Data for this exercise:
>>>>

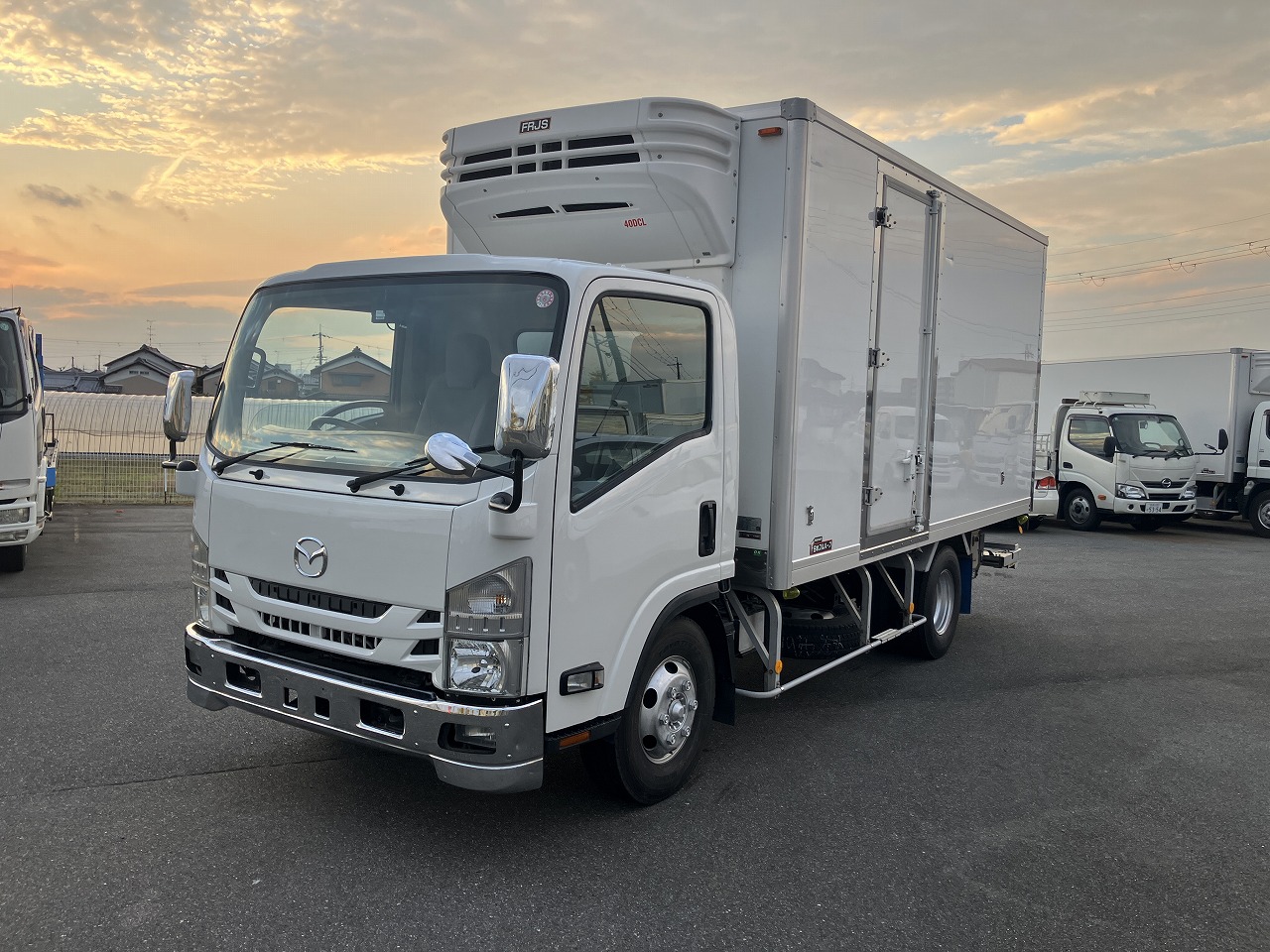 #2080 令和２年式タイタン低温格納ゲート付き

<<<<
>>>>

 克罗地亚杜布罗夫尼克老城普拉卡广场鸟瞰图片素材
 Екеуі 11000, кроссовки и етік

<<<<
>>>>

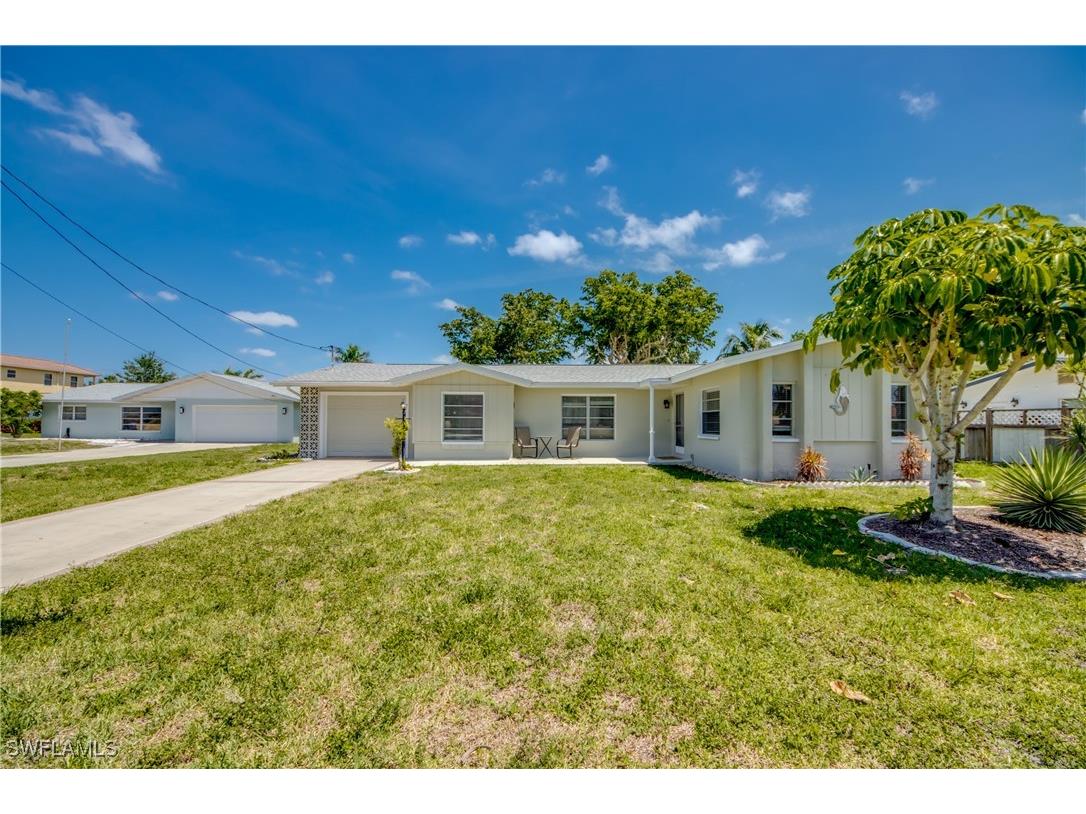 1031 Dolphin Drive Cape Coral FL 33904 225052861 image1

<<<<

How to complete this task:
Extract the lines of the preceding material that run from the line with "克罗地亚杜布罗夫尼克老城普拉卡广场鸟瞰图片素材" through the line with "Екеуі 11000, кроссовки и етік", inclusive, reproducing them exactly and adding nothing.

Answer for the task:
 克罗地亚杜布罗夫尼克老城普拉卡广场鸟瞰图片素材
 Екеуі 11000, кроссовки и етік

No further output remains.